Here is how the plug is wrapped. Plug is from a Remington 700ML.









The color you use will depend on your breach plug and how tight of a fit it is. Most never use the yellow so you may only want to try the pink or white first.

A quote from my friend who taught me to use tape.
*"This subject came up again on another forum. This the information I posted and it WORKS, anyway on my four inlines. I really don not even worry about siezed plugs - I shoot several rounds each trip to the rock pit.

This is one of those things that I have really been forunate with. When I go to the range I shoot 30-40 shots 100 grains of loose t7 with 209 primers. I shoot 2 Remingtons and 2 A&H's. With all four of these guns I beleive I have the breech plug thing whipped. I do not loosen or even fool around with the breech plug at the range. When I get home and get to it I turn it (them) out with very little pressure.
I believe the the face of the breech plug should mate up with the face flange of the barrel, if this mating is clean and tight, this mating should stop gasses from going back into the threads of your breech plug. I have blackened the face of my breech plugs screwed them in snuggly against the barrel flange - back them back out and checked the black to see if contact had been made all the way around. The 2 Remingtons and one of the A&H's showed that there was good contact all the way around on the plug. One A&H seemed to have a very small non-contact spot. The next thing I do is start wrapping Teflon tape from the barrel end of the plug back to the nipple end. The key for me is that begining wrap - when I am done wrapping the tape on the barrel end of the plug it should extend out from the plug - I then push and press the tape down on the face of the plug - instert it into the threads and I tighten it snuggly against the barrel flange - not tight - do not want to tear the teflon, but make it snug because you need to compress the teflon a bit. If you look down into the barrel with a barrel light you should see the teflon all the way around the breech plug in the barrel. Your very first shot will drive that excess teflon back up into any gaps there might be and your threads are sealed... (the teflon might even cover the flash hole when your done wrapping) Popping one cap will take care of that.

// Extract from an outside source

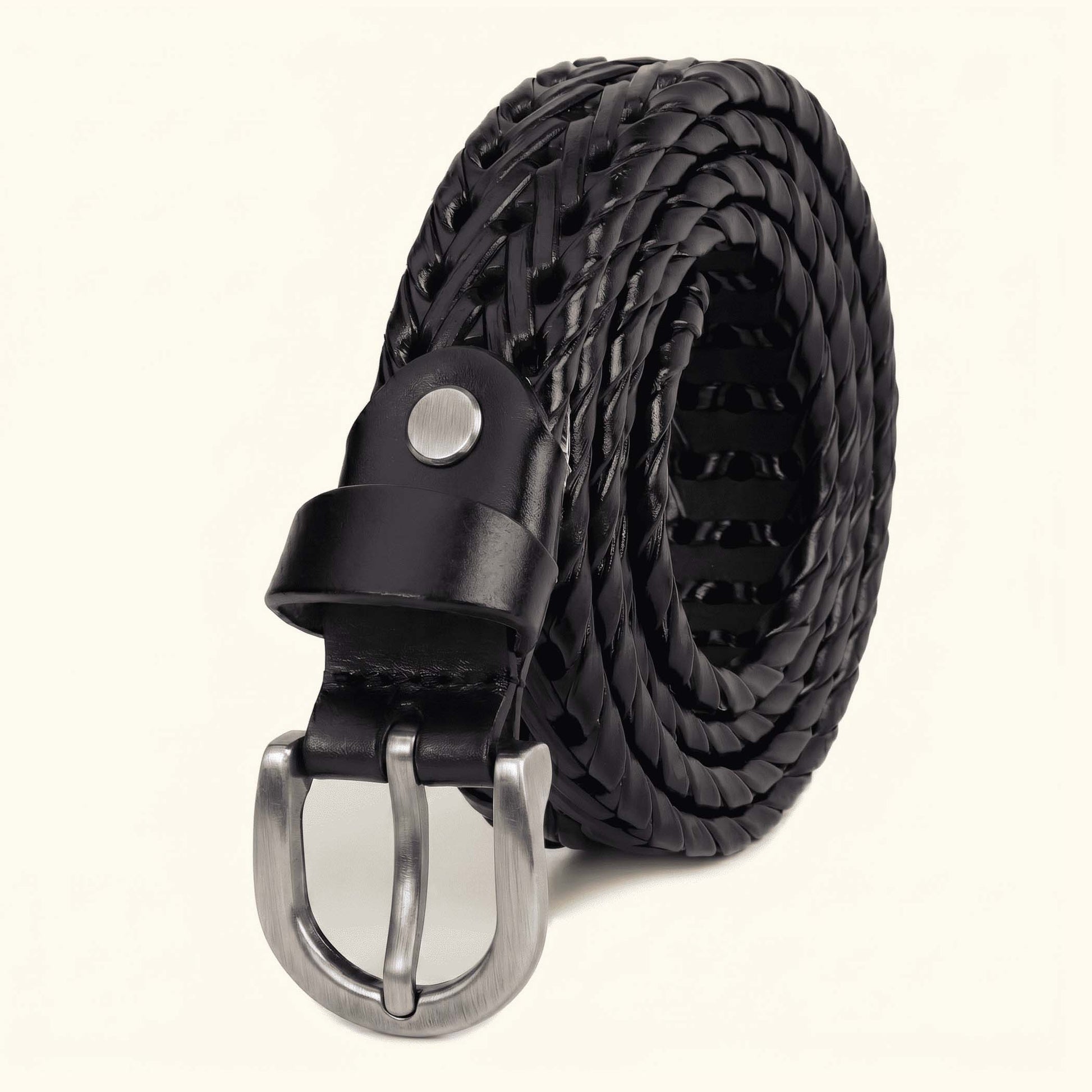 Eveline Women's Handwoven Leather belt for Women hero Black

That is my formula it has worked well for me - but every rifle is different so I can't say it will work for you all. I really believe it all comes down to how well the face of the plug and the face of the barrel mate up." *

 Al


----------



## hunter63 (Jan 4, 2005)

Thats an idea, any reason for the different colors?
Some for high temp apps?


----------



## alleyyooper (Apr 22, 2005)

Teflon tape comes in three colors and thickness for 3 different appaclations. The yellow is normally for gas plumbing. Not sure about the pink. About every one knows about the white all I use myself now.

 Al


----------



## big rockpile (Feb 24, 2003)

I just use White.

big rockpile


----------